## Task description
Below are some records; quote exactly the lines from the one that contains "a hot tub with" through the one that contains "Een modern gebouw", inclusive, and no others.

## Provided data
━━━━━━━━━━━━━━━━
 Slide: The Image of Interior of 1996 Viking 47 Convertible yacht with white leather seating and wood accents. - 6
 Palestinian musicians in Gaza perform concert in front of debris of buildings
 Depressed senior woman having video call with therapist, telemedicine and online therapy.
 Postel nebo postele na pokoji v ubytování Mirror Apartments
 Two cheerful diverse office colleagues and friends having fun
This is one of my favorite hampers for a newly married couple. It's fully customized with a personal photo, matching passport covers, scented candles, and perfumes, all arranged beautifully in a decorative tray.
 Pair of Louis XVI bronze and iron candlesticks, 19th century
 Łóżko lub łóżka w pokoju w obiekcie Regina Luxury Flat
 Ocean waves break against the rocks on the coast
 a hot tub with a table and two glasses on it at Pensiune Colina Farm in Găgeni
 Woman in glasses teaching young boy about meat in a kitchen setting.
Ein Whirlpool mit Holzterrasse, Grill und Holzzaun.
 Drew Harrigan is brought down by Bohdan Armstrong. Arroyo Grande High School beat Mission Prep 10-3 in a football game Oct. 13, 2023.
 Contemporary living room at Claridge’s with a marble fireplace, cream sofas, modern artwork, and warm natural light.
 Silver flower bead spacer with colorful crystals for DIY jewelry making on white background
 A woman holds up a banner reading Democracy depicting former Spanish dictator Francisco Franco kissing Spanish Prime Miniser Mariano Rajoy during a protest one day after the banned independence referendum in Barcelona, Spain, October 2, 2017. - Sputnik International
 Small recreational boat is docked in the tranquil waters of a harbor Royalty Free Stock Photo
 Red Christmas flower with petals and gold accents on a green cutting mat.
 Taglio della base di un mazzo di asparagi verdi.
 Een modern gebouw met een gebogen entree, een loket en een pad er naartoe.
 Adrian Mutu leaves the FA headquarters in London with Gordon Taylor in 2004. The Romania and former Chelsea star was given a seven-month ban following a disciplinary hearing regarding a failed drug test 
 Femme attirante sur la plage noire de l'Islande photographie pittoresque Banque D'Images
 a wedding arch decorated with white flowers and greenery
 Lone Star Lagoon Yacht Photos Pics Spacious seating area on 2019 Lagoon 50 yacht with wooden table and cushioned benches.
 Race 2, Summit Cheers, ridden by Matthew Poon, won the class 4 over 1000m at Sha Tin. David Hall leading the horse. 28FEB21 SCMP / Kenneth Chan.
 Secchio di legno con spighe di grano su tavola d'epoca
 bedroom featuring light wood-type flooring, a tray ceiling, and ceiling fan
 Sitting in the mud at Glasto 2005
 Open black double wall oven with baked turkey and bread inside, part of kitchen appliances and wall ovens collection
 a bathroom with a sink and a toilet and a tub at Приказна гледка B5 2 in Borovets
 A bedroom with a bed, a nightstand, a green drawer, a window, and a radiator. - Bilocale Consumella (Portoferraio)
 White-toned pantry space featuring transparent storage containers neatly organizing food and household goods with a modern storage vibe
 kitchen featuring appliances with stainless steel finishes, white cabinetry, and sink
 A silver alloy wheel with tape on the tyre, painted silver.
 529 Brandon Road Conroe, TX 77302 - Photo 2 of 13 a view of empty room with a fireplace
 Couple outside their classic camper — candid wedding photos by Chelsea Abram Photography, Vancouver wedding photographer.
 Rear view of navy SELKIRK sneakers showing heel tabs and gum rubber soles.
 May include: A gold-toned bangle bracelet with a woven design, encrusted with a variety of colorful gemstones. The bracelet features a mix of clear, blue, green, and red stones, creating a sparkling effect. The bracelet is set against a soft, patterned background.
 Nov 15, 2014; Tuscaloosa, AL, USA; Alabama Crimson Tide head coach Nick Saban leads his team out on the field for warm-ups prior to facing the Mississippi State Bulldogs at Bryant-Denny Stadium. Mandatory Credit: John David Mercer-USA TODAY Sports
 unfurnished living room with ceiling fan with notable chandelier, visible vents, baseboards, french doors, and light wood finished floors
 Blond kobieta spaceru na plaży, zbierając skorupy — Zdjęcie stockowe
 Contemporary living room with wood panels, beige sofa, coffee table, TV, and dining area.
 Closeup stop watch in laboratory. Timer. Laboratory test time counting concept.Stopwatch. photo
━━━━━━━━━━━━━━━━
## Finished task
 a hot tub with a table and two glasses on it at Pensiune Colina Farm in Găgeni
 Woman in glasses teaching young boy about meat in a kitchen setting.
Ein Whirlpool mit Holzterrasse, Grill und Holzzaun.
 Drew Harrigan is brought down by Bohdan Armstrong. Arroyo Grande High School beat Mission Prep 10-3 in a football game Oct. 13, 2023.
 Contemporary living room at Claridge’s with a marble fireplace, cream sofas, modern artwork, and warm natural light.
 Silver flower bead spacer with colorful crystals for DIY jewelry making on white background
 A woman holds up a banner reading Democracy depicting former Spanish dictator Francisco Franco kissing Spanish Prime Miniser Mariano Rajoy during a protest one day after the banned independence referendum in Barcelona, Spain, October 2, 2017. - Sputnik International
 Small recreational boat is docked in the tranquil waters of a harbor Royalty Free Stock Photo
 Red Christmas flower with petals and gold accents on a green cutting mat.
 Taglio della base di un mazzo di asparagi verdi.
 Een modern gebouw met een gebogen entree, een loket en een pad er naartoe.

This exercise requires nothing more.